• **Problem requirements**: Please copy out every line of the data word for word.

• **Given information**:
□ □ □ □ □

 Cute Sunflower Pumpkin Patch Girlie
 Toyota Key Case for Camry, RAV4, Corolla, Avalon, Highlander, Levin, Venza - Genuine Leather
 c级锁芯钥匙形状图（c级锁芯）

□ □ □ □ □

• **Answer box**:
 Cute Sunflower Pumpkin Patch Girlie
 Toyota Key Case for Camry, RAV4, Corolla, Avalon, Highlander, Levin, Venza - Genuine Leather
 c级锁芯钥匙形状图（c级锁芯）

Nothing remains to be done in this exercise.